## What to produce
Give the listing back in full, exactly as written, with the pictures removed.

## Data to process
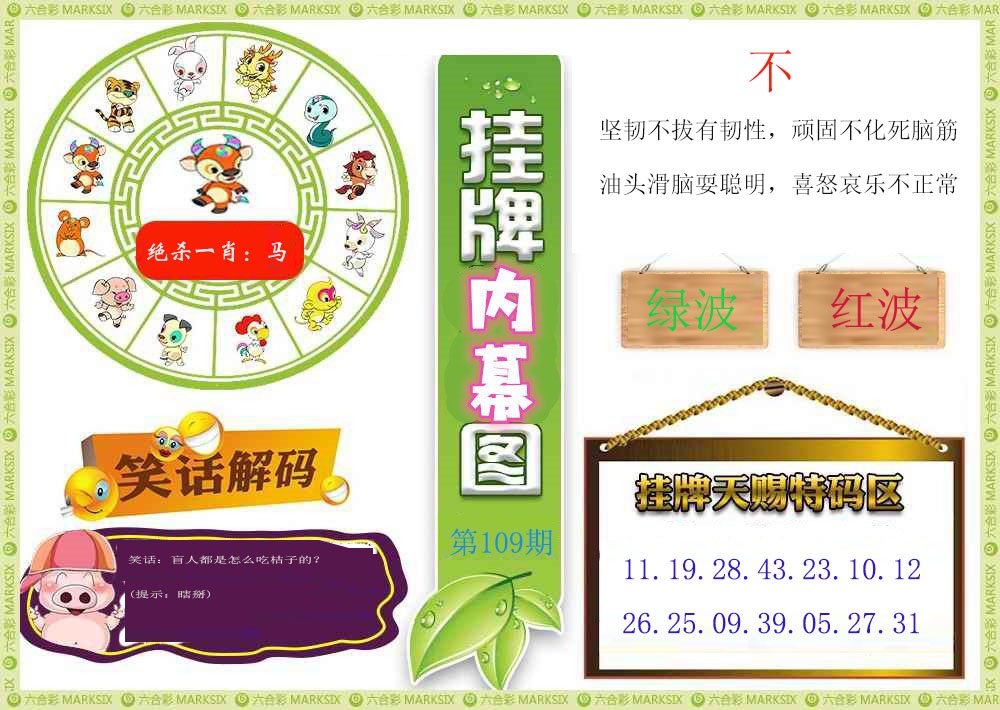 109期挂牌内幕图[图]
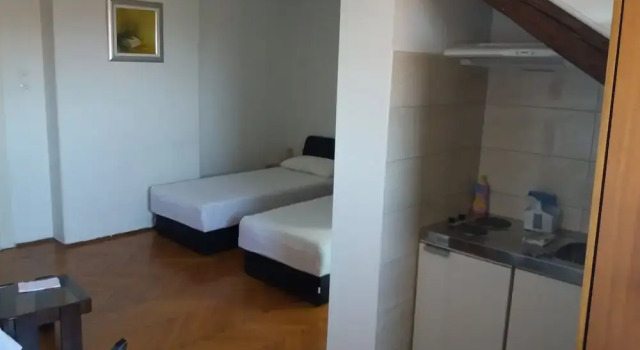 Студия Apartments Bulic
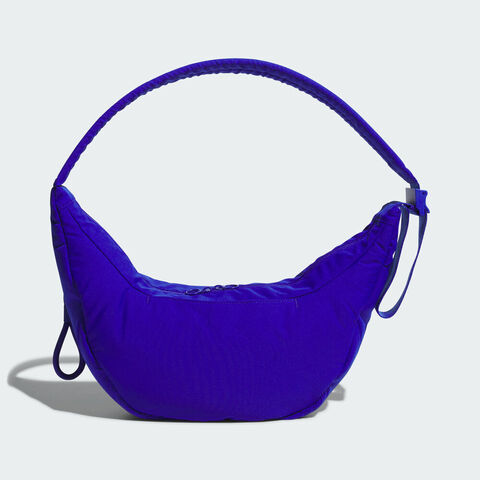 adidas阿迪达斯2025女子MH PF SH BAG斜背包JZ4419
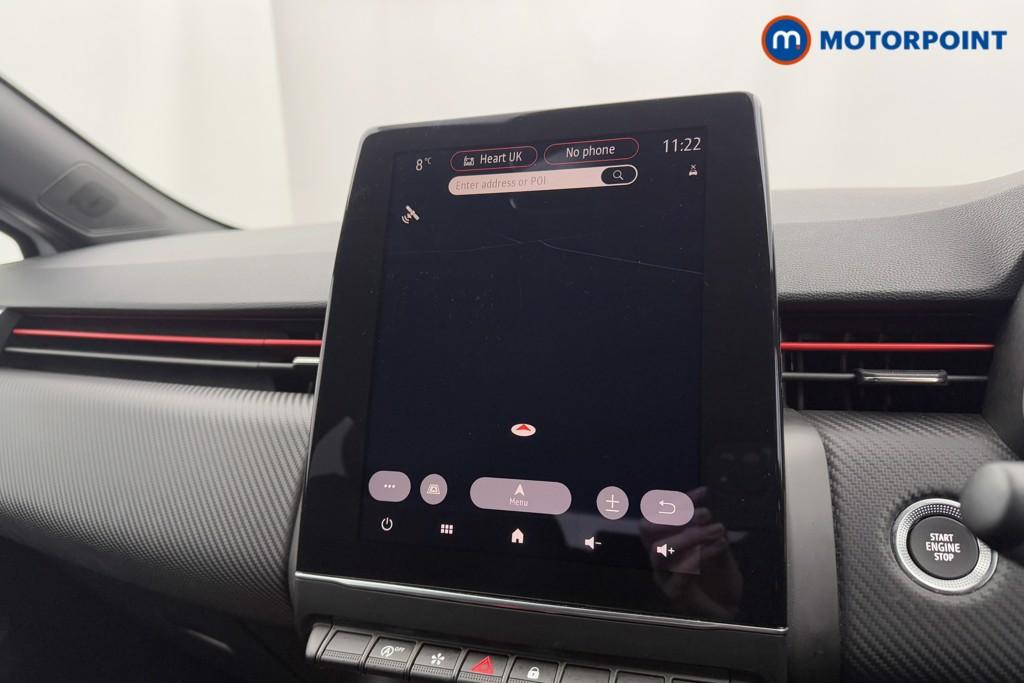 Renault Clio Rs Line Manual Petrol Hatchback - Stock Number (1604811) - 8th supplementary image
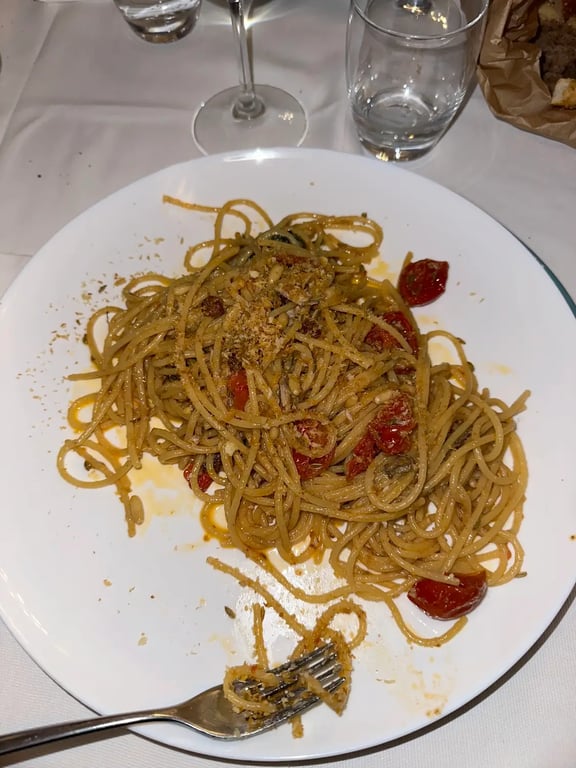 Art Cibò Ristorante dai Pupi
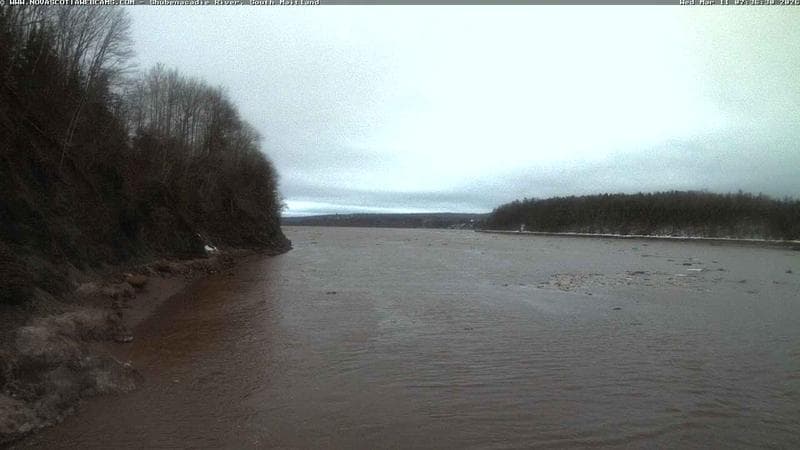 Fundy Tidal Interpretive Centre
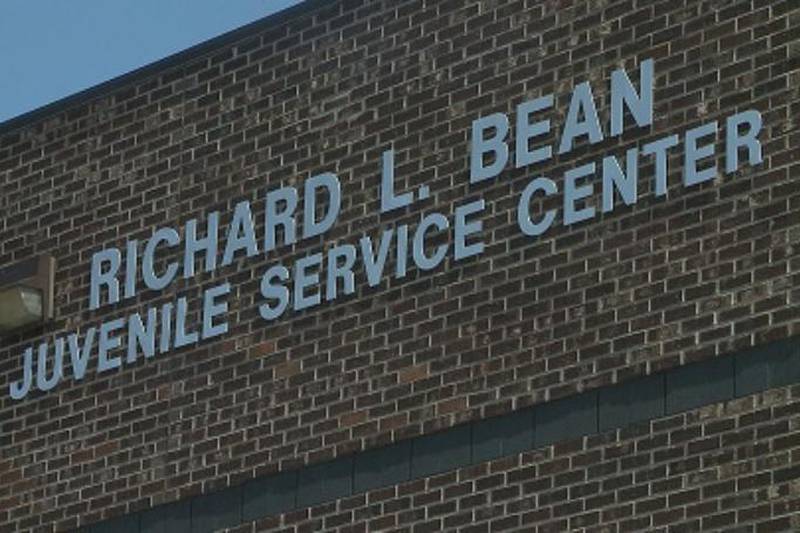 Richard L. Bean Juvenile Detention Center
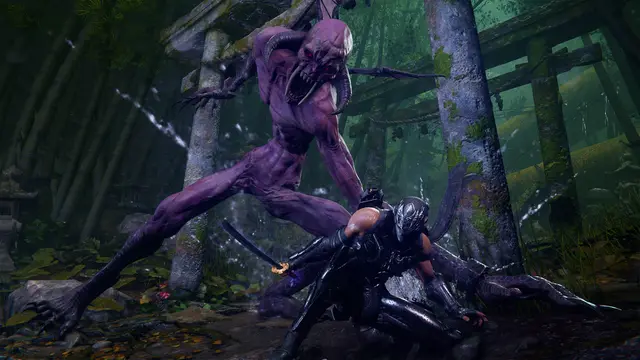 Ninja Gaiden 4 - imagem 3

## Solution to this task
 109期挂牌内幕图[图]
 Студия Apartments Bulic
 adidas阿迪达斯2025女子MH PF SH BAG斜背包JZ4419
 Renault Clio Rs Line Manual Petrol Hatchback - Stock Number (1604811) - 8th supplementary image
 Art Cibò Ristorante dai Pupi
 Fundy Tidal Interpretive Centre
 Richard L. Bean Juvenile Detention Center
 Ninja Gaiden 4 - imagem 3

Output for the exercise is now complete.